In part 1 and part 2 of Issues with OpenFOAM, we concluded that:
- successful development of OpenFOAM demands the resolution of issues where the software does not meet reasonable expectations of users;
- under an agile development streategy, involving collaboration between users and developers to resolve issues, OpenFOAM has been transformed from poor health in 2014 to a new level of quality and maturity with OpenFOAM v4.0 in 2016;
- user participation is encouraged by rewarding users for reporting issues by their timely resolution and by ensuring the development version,
OpenFOAM-dev
is always releasable quality.
Unresolved Issues
We previously showed the number of unresolved issues taken from the OpenFOAM Issue Tracking system. Unresolved issues increased continuously until the release of the public distribution of OpenFOAM-dev
in December 2014, after which they fell rapidly, then stabilized to a fairly consistent level of 60-70 during 2016. Analysis of the remaining unresolved issues is an essential part of high quality software engineering, particularly identifying the components of the code with the highest number of issues.
The breakdown of outstanding issues is shown in the chart above, with 90% of unresolved issues falling within only 7 categories. While “meshing” and “numerical methods” are broad components of CFD, each of the other 5 categories describes a much narrower range on functionality in OpenFOAM. The two worst offenders account for almost half of all unresolved issues: 1) AMI, ACMI and cyclic interfaces; and, 2) heat transfer, including conjugate heat transfer (CHT). These categories, and “particles and tracking” and “sources/constraints” in particular, require significant refactoring and/or rewriting.
Trouble with Roadmaps
Inadequate funding is the primary reason why certain areas of OpenFOAM reached the present state of disrepair. The development of OpenFOAM has always been funded by companies wishing to build functionality falling within their areas of interest. Developments projects historically followed a waterfall, roadmap model, which lacked the rapid-turnaround user feedback associated with today’s agile development of a public OpenFOAM code repository. Issues went unreported for long periods, typically until a major version of OpenFOAM was released, well after a project was closed. With no provision for resolving issues or general maintenance within the development funding, issues simply remained unresolved unless a developer’s conscience compelled him/her to contribute voluntarily outside of working hours.

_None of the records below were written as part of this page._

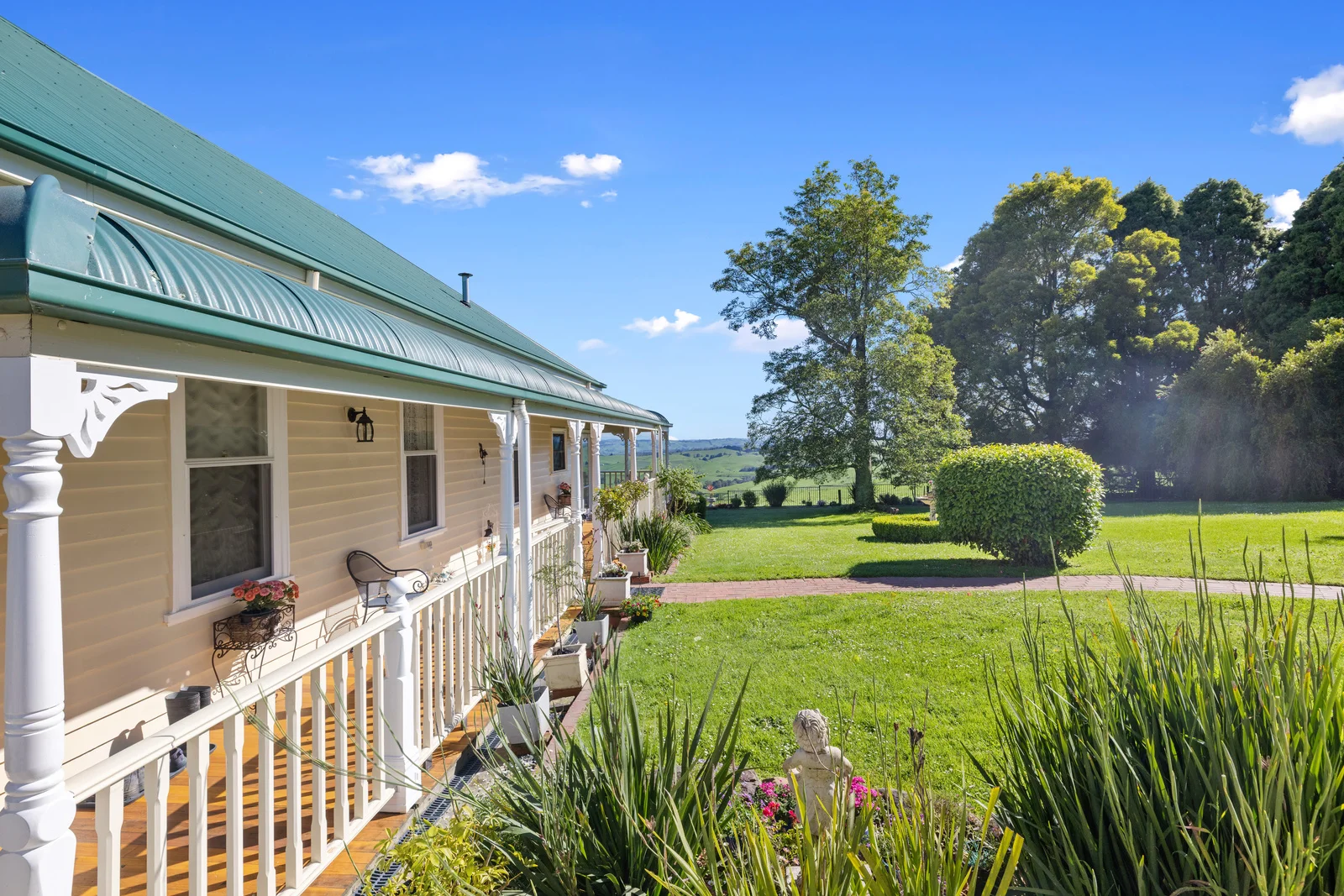 Additional image 24 of 25 Moyes Road, Stony Creek VIC 3957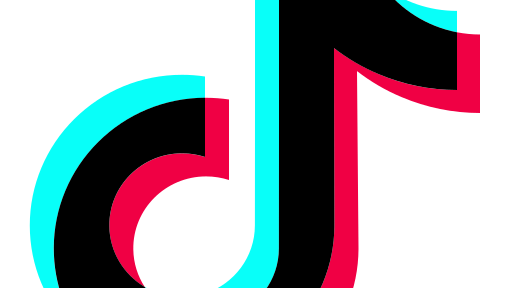 tik-tok.png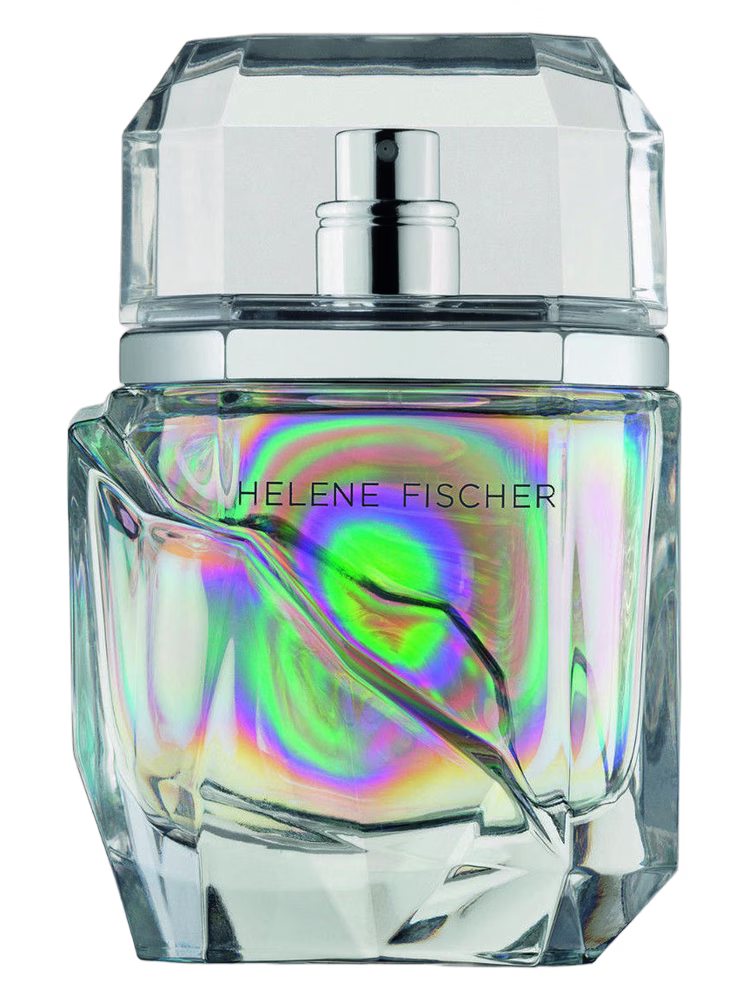Helene Fischer For You by Helene Fischer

The circumstances of the AMI development was especially bad, in that it was never funded, but was hastily included by corporate managers within a manufactured roadmap. Its lack of quality was an inevitable consequence of conflicting pressures of zero funding, concocted milestones and revenue targets.
Funding Agile Development
Funding is needed to repair the critical areas of OpenFOAM with unresolved issues. The work requires significant code refactoring and rewriting by developers willing to adopt an agile strategy, described previously, that generates sufficient user feedback to drive software quality rapidly to an acceptable level. Funding should support a broad aim to improve software quality, demonstrated by a reduction in unresolved issues, rather than a rigid set of development objectives.
The target for 2017 is to reduce the number of unresolved issues by 50%. The OpenFOAM Foundation needs €100 k to fund this work, and the costs of running the OpenFOAM project. We propose that 20 companies pool €5 k each to reach the target. Companies that rely on OpenFOAM carry an operational risk associated with its decline through lack of funding. At a fraction of the cost of a single licence of most proprietary CFD software, €5 k is surely a small price to pay to mitigate this risk?